Le doute, le soupçon, sont de grands ennemis. Ils empêchent le courant entier de la vie de circuler dans le coeur et dans le corps humain, ils sèment la confusion dans l'esprit. Comment dans ces conditions établir une harmonie avec les ennemis? Le mieux, au contraire, est de prendre les circonstances dans lesquelles nous sommes impliqués par le bon côté, d'être optimiste - mais optimiste avec les yeux ouverts - en gardant le désir de changer les ennemis en amis. Nous serons alors capables de mieux dominer la situation, d'avoir la vision claire et profonde qu'il faut pour changer ceux qui ne sont pas nos amis en des êtres qui peuvent au moins nous tolérer. Il y a de la bonne volonté chez tous les êtres et il nous faut comprendre que c'est cette même bonne volonté, c'est cet amour du bien et du beau qui crée l'antipathie, la colère même. Parce que si un être ne trouve pas dans un autre ces bonnes et belles qualités, ce bien qu'il cherche, cela l'indispose: ces belles qualités devraient être là et on l'en prive, on lui présente une laideur; il en est très mécontent et par la suite il commence à supposer que cette laideur existe en tout chez l'autre personne.

 

Maintenant, si l'on peut changer la direction de cet amour du bien et du beau, si l'on peut souhaiter non pas en recevoir mais en rayonner, c'est tout ce qu'il faut pour le bonheur de la vie. Ainsi que nous le lisons dans le Gayan:

Heureux celui qui fait du bien aux autres,
Et malheureux celui qui attend du bien des autres.

 

C'est extrêmement difficile. Ceux qui y parviennent, sont les âmes pures qui gagnent tous les cœurs, mais celles-là ont beaucoup à souffrir. Évidemment, on ne peut pas commencer par-là; il y a une phase dans la vie où la réciprocité doit être pratiquée. Mais nous ne devons pas penser que c'est une phase élémentaire, ni qu'elle n'a plus sa place quand l'être commence à s'élever. C'est pas à pas que l'on s'élève plus haut dans l'idéal de la réciprocité. Quelle belle pensée a prononcé à ce sujet Pir-o-Murshid en 1926 quand il a dit: "Si le Soufi a constamment devant lui cet idéal de la réciprocité, il comprend qu'il s'agit de ne pas rendre un coup pour un coup, une négligence pour une négligence". Il voulait dire par là: rendez seulement le bien qui vous arrive, non le mal. C'est difficile, car ce qui vient des autres, surtout en paroles, est parfois dure à supporter.
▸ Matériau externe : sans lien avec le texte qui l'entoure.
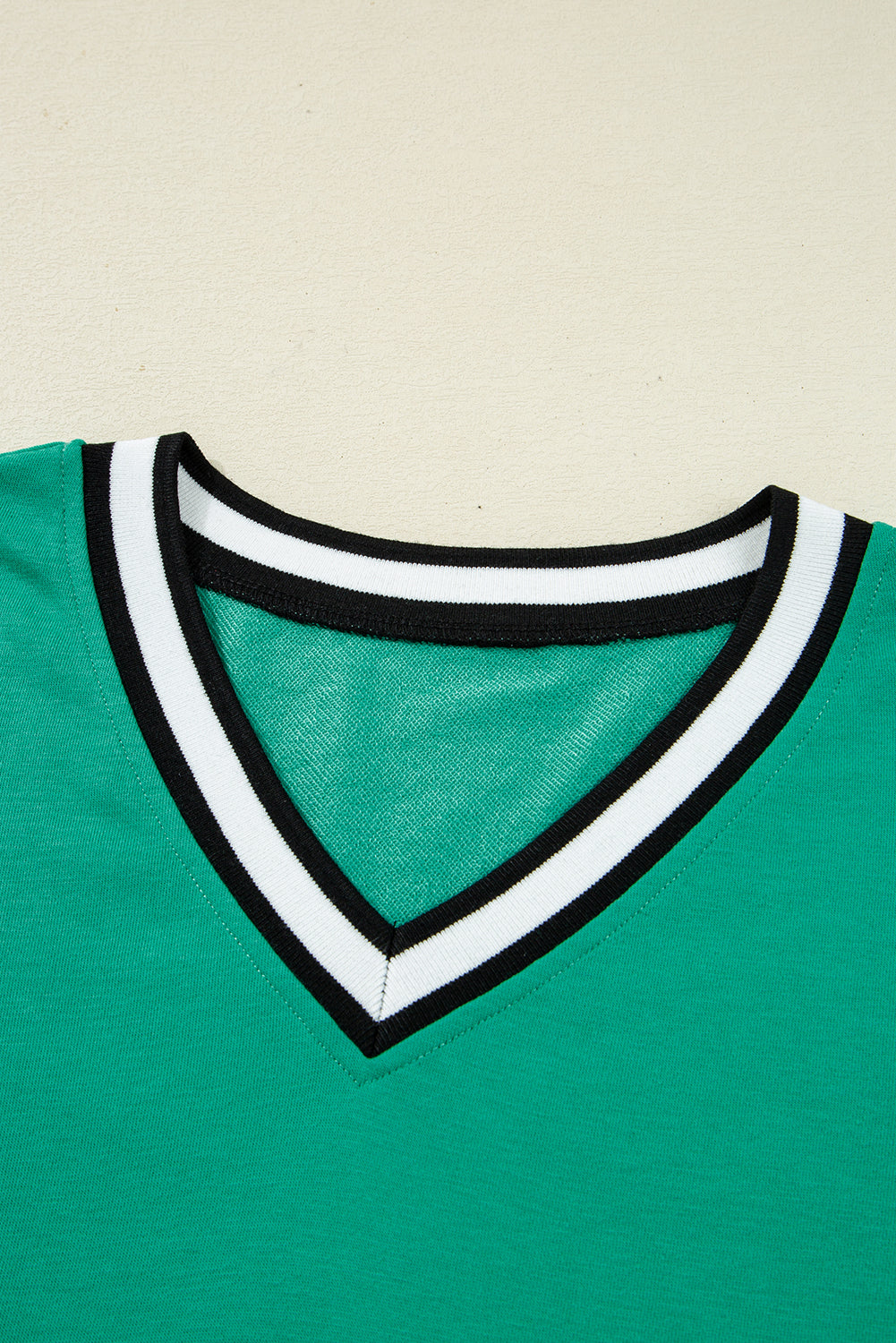 Green T-shirt with V-neck design, perfect for styling as a dress from t-shirt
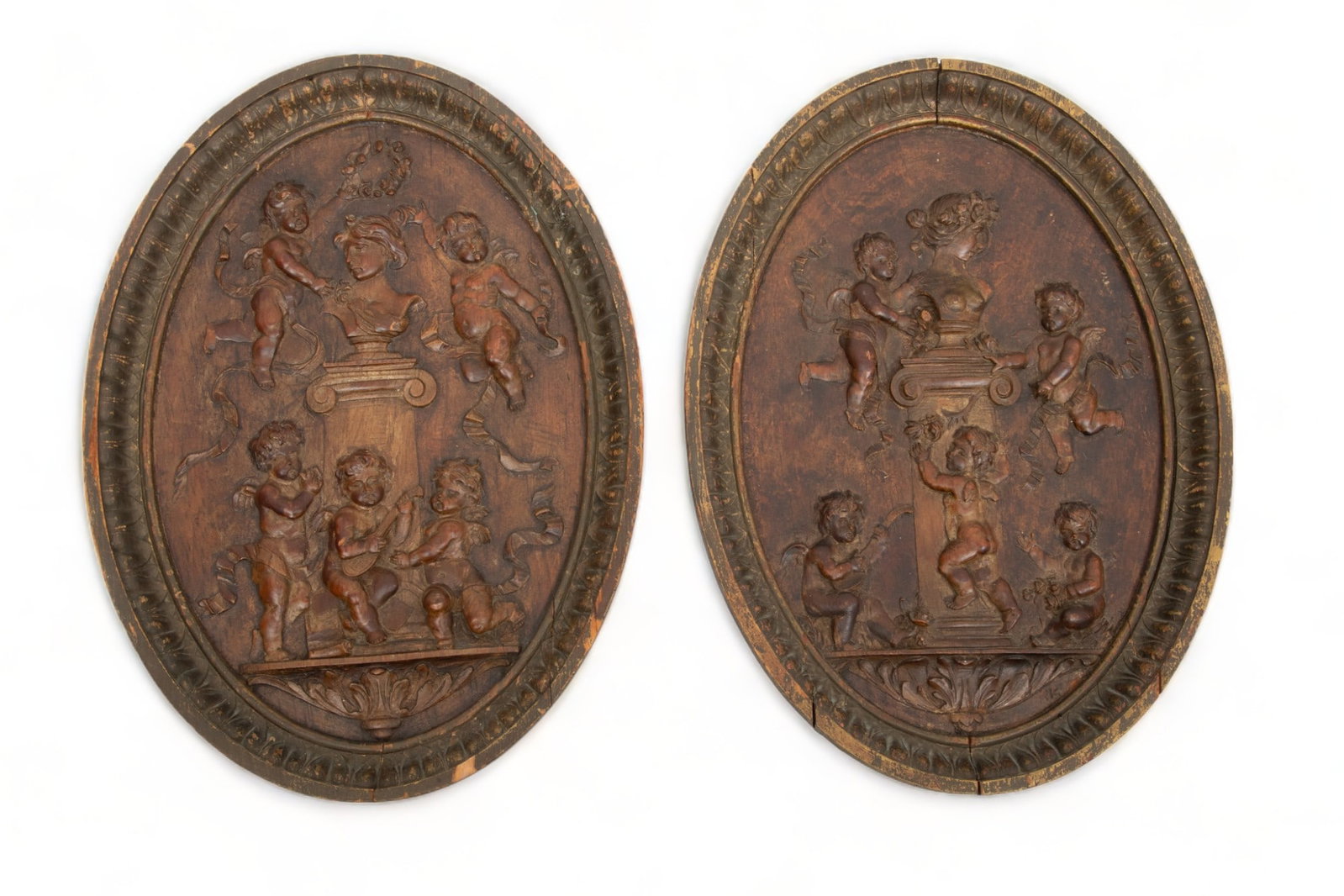 English/Scottish Bas Relief Carved Oval Plaques 19th C., H 17.75" W 12.25" 1 Pair: English/Scottish Bas Relief Carved Oval Plaques 19th C., H 17.75" W 12.25" 1 Pair | Each depicting putti dancing around garden sculpture whilst one plays the mandolin. Plaques are early 19th century a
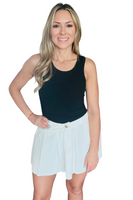 woman wearing a black crew neck basic tank top with a white pleated shirt 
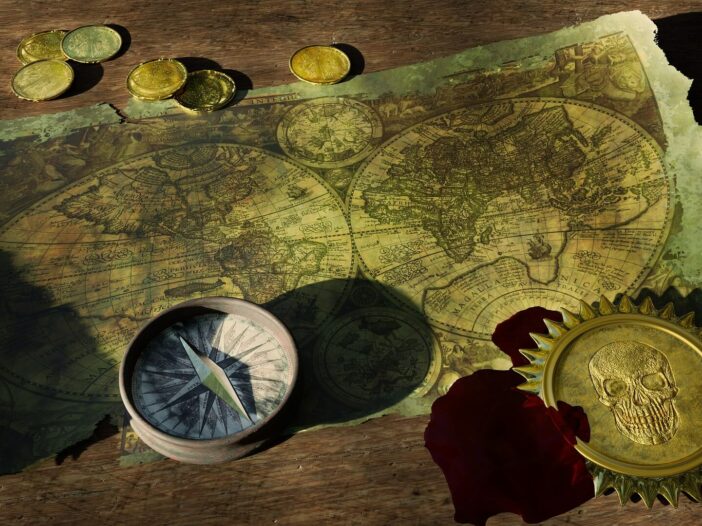 Aged treasure map with compass and gold coins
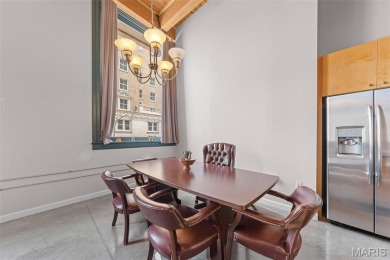 Live in the heart of downtown in an amazing building and save on
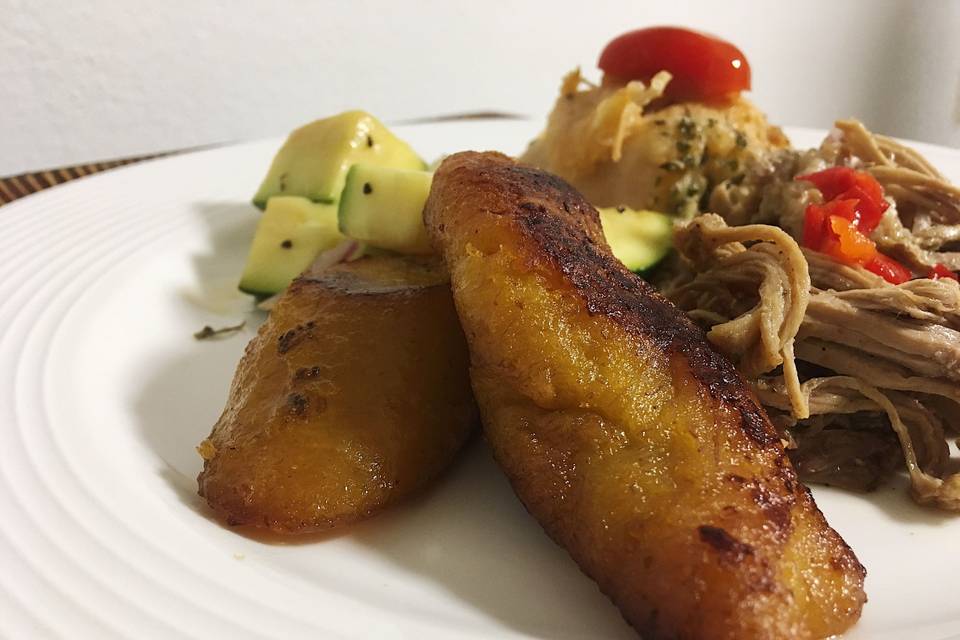 Traditional plantains with roast pork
Les paroles agissantes, en mal comme en bien, partent du cœur, et notamment de cette part du cœur à laquelle nous ne résistons pas; nous n'y résistons pas quand elles viennent de notre propre cœur, elles en sortent pour ainsi dire d'elles-mêmes; et ces paroles-là frappent de la même façon notre cœur quand c'est nous qui les recevons. Ainsi, il peut arriver que nous entendions dix fois des paroles malencontreuses qui nous blessent, et puis une fois seulement une parole qui ne nous blesse pas. C'est pourquoi un cœur vigilant veille pour ne pas manquer de rendre le bien pour le bien. Il pense que s'il ne le fait pas, c'est une grande perte. Il pense: "Par telle personne j'ai été profondément blessé, mais si elle sourit, qu'est-ce en comparaison de tout ce qu'elle m'a fait? De cela je me détourne".

 

Cela ne veut pas dire que nous devons être naïfs. Une hirondelle à elle toute seule ne fait pas le printemps; un moment de changement d'humeur d'un être difficile dans ses rapports avec nous ne veut pas dire que nous devions lui ouvrir notre cœur tout entier et nous mettre en son pouvoir. Il faut seulement veiller comme veille un cadran solaire pour marquer les moindres rayons du soleil, mais ne pas oublier le passage des nuages.

 

Il y a aussi un côté spirituel à ce sujet. Plus on étudiera la vie, plus on deviendra sensible au côté important des choses, plus on verra à quel point les êtres humains agissent non pas selon la réflexion et l'égalité d'esprit, mais selon leurs sentiments; à quel point ils mettent un voile sur ce qui n'est pas en accord avec leur sentiment intérieur. Par conséquent si quelqu'un pense: "Cette personne a raison en tout ce qu'elle dit, cependant elle ne me plaît pas", ce sera un grand obstacle à toute possibilité d'harmonie. Au contraire si un être a gagné notre sympathie, il pourra avoir les idées les plus saugrenues, nous le supporterons avec patience. Nous dirons peut-être: "Non, de tout ce qu'il raconte, je ne peux pas dire que j'en rêve, mais il a un côté sympathique", et cela établira une touche d'harmonie. Ce qui nous prouve que pour nous mettre en accord avec les autres, il faut d'abord qu'ils soient satisfaits de notre attitude, de notre bonne disposition à leur égard. Et ce n'est pas trop de faire tous les efforts et tous les sacrifices pour contenter même des êtres qui ne semblent pas mériter le moindre effort de notre part.

 

Ceux qui ont fait la plus grande impression sur l'humanité ont toujours pratiqué ces principes. Et ceux qui n'y ont point pris garde ont peut-être régné par la puissance, mais, comme nous le lisons dans le Gayan: "Tout ce qui est maintenu par la force se révoltera un jour; le seul pouvoir du mystique, c'est le pouvoir de l'amour". Et il le pratique durant toutes les heures du jour de la façon dont je viens de vous parler.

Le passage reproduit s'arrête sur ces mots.